Responsable Intelligence Economique chez Capitole Energie

Zoom sur l'énergie verte

Du soleil à l’hydro : l’Europe face à son électricité

La géothermie, l’énergie qui ne dort jamais

Longtemps cantonnée à quelques territoires volcaniques, la géothermie est en train de changer de statut. Selon Ember, elle pourrait remplacer jusqu’à 42 % de l’électricité aujourd’hui produite à partir du charbon et du gaz dans l’Union européenne. Mieux : à un coût compétitif, autour de 100 €/MWh, comparable aux fossiles mais sans leur volatilité. Grâce aux progrès technologiques, forer plus profond n’est plus un obstacle insurmontable. Hongrie, Pologne, Allemagne et France disposent d’un potentiel immédiat. Dans une Europe qui cherche à décarboner sans fragiliser son industrie ni ses centres de données, la géothermie apparaît comme cette énergie discrète, stable et bas-carbone, capable d’assurer le socle du système électrique.

Hydroélectricité : la sortie par le haut à la française

Après dix ans de bras de fer avec Bruxelles, la France esquisse une solution élégante.
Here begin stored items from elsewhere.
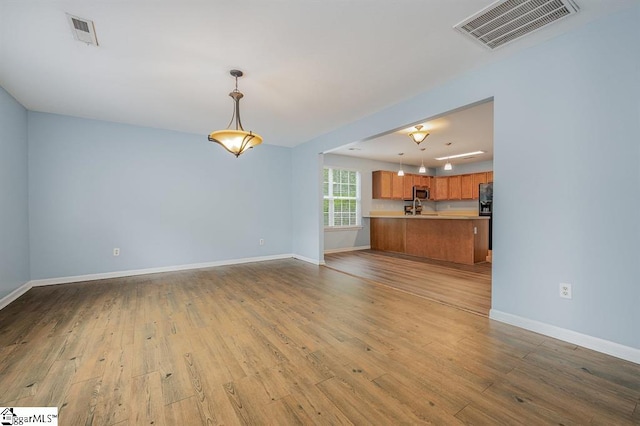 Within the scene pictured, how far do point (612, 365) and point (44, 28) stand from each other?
5.00 m

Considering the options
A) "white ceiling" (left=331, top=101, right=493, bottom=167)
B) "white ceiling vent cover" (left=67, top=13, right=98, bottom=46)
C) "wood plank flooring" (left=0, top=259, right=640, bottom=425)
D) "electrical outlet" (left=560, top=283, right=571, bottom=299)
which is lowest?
"wood plank flooring" (left=0, top=259, right=640, bottom=425)

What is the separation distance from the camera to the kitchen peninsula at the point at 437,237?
5.35 metres

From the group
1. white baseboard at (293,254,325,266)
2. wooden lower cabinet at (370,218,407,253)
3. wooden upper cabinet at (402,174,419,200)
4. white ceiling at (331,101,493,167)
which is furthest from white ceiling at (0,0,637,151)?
wooden upper cabinet at (402,174,419,200)

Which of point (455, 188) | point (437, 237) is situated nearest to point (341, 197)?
point (437, 237)

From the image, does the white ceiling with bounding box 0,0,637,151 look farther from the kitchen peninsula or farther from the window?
the window

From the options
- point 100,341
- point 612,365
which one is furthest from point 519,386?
point 100,341

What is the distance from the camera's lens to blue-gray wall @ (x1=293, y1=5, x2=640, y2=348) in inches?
75.7

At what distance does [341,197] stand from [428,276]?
3.52 metres

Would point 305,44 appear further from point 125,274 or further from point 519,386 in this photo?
point 125,274

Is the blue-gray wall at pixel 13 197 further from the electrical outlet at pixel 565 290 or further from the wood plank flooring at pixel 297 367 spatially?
the electrical outlet at pixel 565 290

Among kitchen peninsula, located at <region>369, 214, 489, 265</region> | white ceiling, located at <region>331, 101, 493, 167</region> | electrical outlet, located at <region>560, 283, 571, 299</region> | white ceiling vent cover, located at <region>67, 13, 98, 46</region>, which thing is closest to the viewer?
white ceiling vent cover, located at <region>67, 13, 98, 46</region>

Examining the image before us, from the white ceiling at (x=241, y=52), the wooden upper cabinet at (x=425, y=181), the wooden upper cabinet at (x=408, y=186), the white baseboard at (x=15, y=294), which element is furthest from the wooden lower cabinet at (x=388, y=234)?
the white baseboard at (x=15, y=294)

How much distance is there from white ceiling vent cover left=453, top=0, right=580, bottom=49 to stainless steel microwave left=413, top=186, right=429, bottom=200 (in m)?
6.41

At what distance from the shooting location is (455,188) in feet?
28.2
La proposition de loi adoptée à l’Assemblée permettrait d’ouvrir partiellement le marché via des capacités “virtuelles”, sans toucher aux concessions existantes détenues par EDF. Résultat : un compromis transpartisan qui sécurise les ouvrages, relance l’investissement et ouvre la voie à plus de STEP. La capacité pourrait grimper à 28 GW. Un signal politique fort : souveraineté énergétique et règles européennes ne sont pas forcément incompatibles.

Italie : quand la rétroactivité fait fuir le capital

À Rome, l’idée de réduire rétroactivement les aides aux renouvelables inquiète profondément. En voulant récupérer 2,5 milliards d’euros par an pour alléger la facture des ménages, l’État risque de fragiliser 16 GW de capacités vertes. Pour les investisseurs, la confiance est rompue ; pour les plus petits acteurs, la faillite menace. Ironie : cette mesure pourrait in fine renchérir les prix de l’électricité, en augmentant la prime de risque exigée.

Espagne : le blackout qui sème le doute

L’ombre de la panne ibérique plane toujours. Faute d’explications claires, les industriels hésitent à investir. Les coûts explosent, la sécurité d’approvisionnement est questionnée, et le débat sur le nucléaire refait surface. Dans un système de plus en plus renouvelable, la stabilité reste une valeur cardinale.

Marchés solaires : réapprendre à acheter le soleil

Enfin, en France, industriels et RTE plaident pour des produits de marché mieux alignés sur la production solaire. Acheter entre midi et l’après-midi pourrait faire baisser la facture de 30 à 40 €/MWh. Derrière la technique, un enjeu clé : valoriser la flexibilité et adapter les règles à la nouvelle réalité électrique. Le soleil brille, encore faut-il savoir quand l’acheter.